What may be the science story of the century is breaking this evening, as heavyweight US solar physicists announce that the Sun appears to be headed into a lengthy spell of low activity, which could mean that the Earth – far from facing a global warming problem – is actually headed into a mini ice age.”

You could easily mis-read this to say that the consensus of US solar physicists were saying that global warming is no longer a forecast. NOT TRUE.

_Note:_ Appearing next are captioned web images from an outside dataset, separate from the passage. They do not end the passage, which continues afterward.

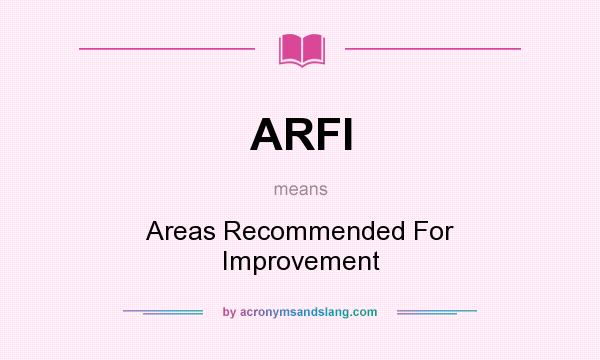 What does ARFI mean? It stands for Areas Recommended For Improvement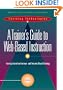 A Trainer's Guide to Web-Based Instruction (Learning Technologies)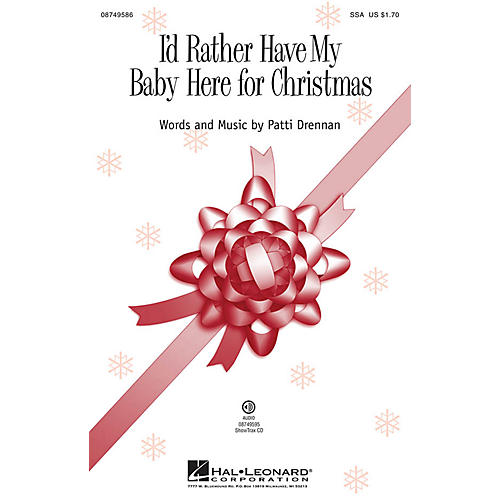 Hal Leonard I'd Rather Have My Baby Here for Christmas SSA composed by Patti Drennan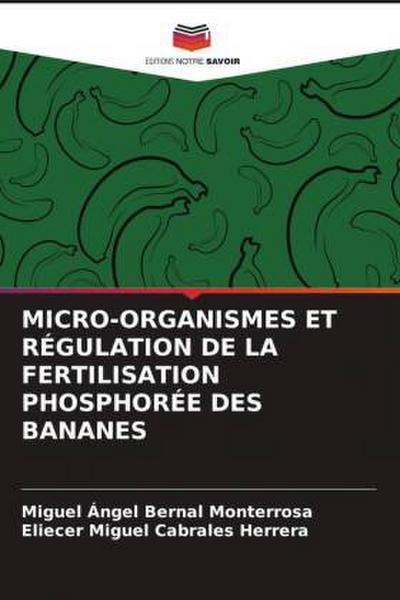 MICRO-ORGANISMES ET RÉGULATION DE LA FERTILISATION PHOSPHORÉE DES BANANES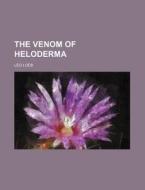 The Venom of Heloderma di Leo Loeb edito da Rarebooksclub.com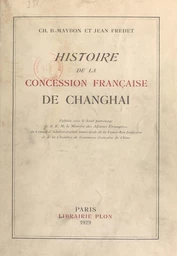 Histoire de la concession française de Changhai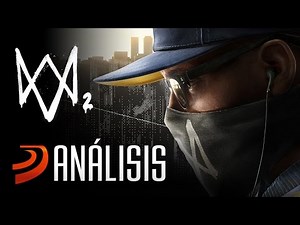 Watch Dogs 2 / Los hackers toman San Francisco / Análisis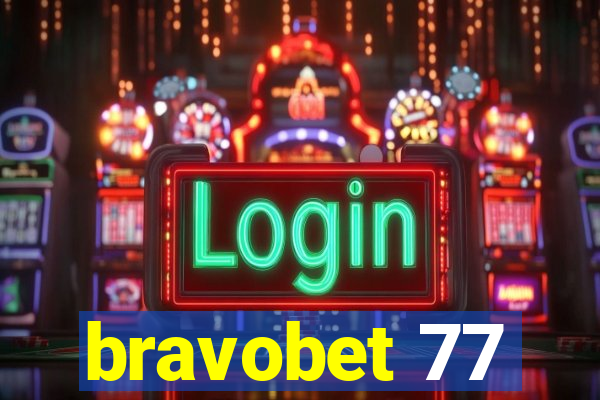 bravobet 77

The Register‘s evidence for this terrible piece of journalism is that the current phase of the solar cycle — normally 11 years — has trended downward for several years, and is lower than usual. That much is actually TRUE. However they graph ONLY the last few years (not shown here) and extend it out to 25 years suggesting this is where it is headed, and that this will start cooling the Earth. This is a truly incredible example of selectively picking your facts to suit your pre-existing conclusions.

To see their distortion, look at this 30 year graph of solar output. Even with this honest context, you might be impressed with the recent downturn, as possibly signaling SOMETHING.

There are just two problems with extrapolating this into a case for us heading for a mini ice age.

First, a longer view shows that solar cycles, have LOTS of variations as shown in the last 400 years of sunspots – a related phenomenon – and shows the scale of variations.

As you can see the last 4 years being in decline does not exactly even indicate we are heading for an ice age. Just for perspective it has been 20,000 years since the last ice age. Our overall climate did not seem to shift significantly with the ups and downs of the last four centuries variation in the sun.

The second reason that this article is ridiculous has to do with scale. The variation in the 11 year solar cycle is about 0.3 watts per square meter of the Earth’s surface. Not to belittle that amount but it is a variation of about a tenth of one percent of the solar energy we receive. It is noteworthy.

Noted NASA scientist Dr. James Hansen points out that the measured annual heating component due to the increased greenhouse gases is about 2.4 watts per square meter. In other words, the effect of greenhouse gases — largely carbon dioxide emissions — is 80 times stronger than the variation in a normal 11 year solar cycle. Our soaring CO2 levels now dwarf the effects of solar cycles.

I guess The Register just “forgot” to put the few years of solar lows in context. An honest lead paragraph would have stopped after “…lengthy spell of low activity.” That would have been absolutely true.

I would like to give this the Stupid Story of the week award. While very deserving, it has to share that position with another piece of junk journalism that I will cover tomorrow.